Et, effectivement il y a un mystére sous certains textes du même ton (mais ce n'est pas le cas de celui-ci), selon qu'on se situe dans le "vous" des moutons ou des oppresseurs (du coup on aura le sentiment d'être agressé-s ) ou dans le "nous" des enragés ou des opprimé-es (auquel cas on aura parfois un sentiment de soulagement lié au fait de pouvoir lire tout haut ce qu'on pensait tout bas...) AU début certains textes de R.A.P ou par exemple (si vous connaissez...) l'affiche "ANTI FRANCE VAINCRA" me mettez mal à l'aise, parceque: 1° je suis un peu parano sur les bords 2° j'appartiens à une classe dominante (homme,blanc, occidental, adulte, privilégié culturelement...) 3° c'est bien l'objectif de ces textes de mettre mal à l'aise...

Maintenant que j'ai un peu mieux synchronisé mes idées et mes actes , j'aime bien la rage que ces textes exprime, j'aime bien la piqure de rappel qu'il constitue, qui m'evite de m'endormir dans la routine des jours dans le cauchemar faciste de notre époque !

(un petit texte d'H.Michaux en introduction de Epreuves ,exorcismes exprime ça mieux que moi...)


NadIne :

Moi aussi ça me fait du bien d'écrire "putain de monde de merde" et tout ce qui s'en suit sur des feuilles, parfois, et souvent, même, des fois.

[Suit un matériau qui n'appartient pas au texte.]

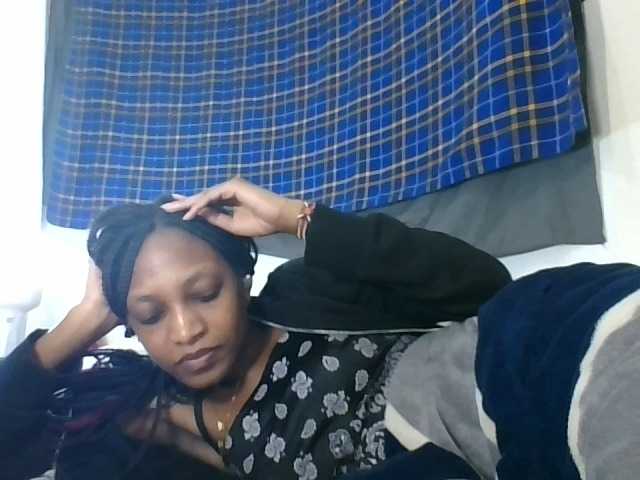 Vinsishly11 live cam on BongaCams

De là à ce que ce soit pertinent pour d'autres...


Il est évident qu'on est en droit politiquement et stratégiquement de remettre en question la pertinence de:

  • l'expression d'une colère
  • un cri de rage
  • un concert punk ou hip hop ou hardcore ou autre...
  • une émeute
  • un mouvement des banlieues
  • un contre sommet anti G8
  • une école,un comissariat qui brûle
  • un graffiti
  • un tract enragé
  • un hurlement absurde

(dites le moi si je fait des amalgames)

on peut aussi se demander s'il est pertinent ou non de faire sortir le pus d'une blessure infectée ou si les esclaves feraient mieux de fermer leur geules plutôt que de politiser ou de mettre en commun leur "étrange sentiment de disconvenance"...

comme disait shakespeare:

"Tout est néant: La résignation est stérile et la révolte pareille à l'aboiement d'un chien fou."


NadIne : J'ai précisé au début : "tous les styles sont bon à prendre quand ils sont bien habités." (restons dans le domaine de l'écrit pour pas compliquer). Evidemment, après, il faut définir le "bien"...c'est là que l'évaluation intervient, celle des autres ou/et la sienne propre. Tu cites des formes qui expriment la rage : je n'évalue pas le fait d'avoir la rage, mais ce qui est écrit; ça pourrait être un conte, une analyse etc.peu importe.

Je ne pense pas que toutes les expressions se valent. Par contre, elles ont toutes légitimes, ou autrement dit, on a le droit de se planter.

(...)

Tiens, un bouquin qui parle de ça un peu : "C'est bizarre l'écriture" de Christiane Rochefort

Moi aussi j'aime bien les textes qui ont la rage; mais décidemment, non, j'arrive pas à apprécier le ton agressif; je n'ai jamais observé que ça m'amène à plus de punch dans mes actes, de me faire agressée, même verbalement.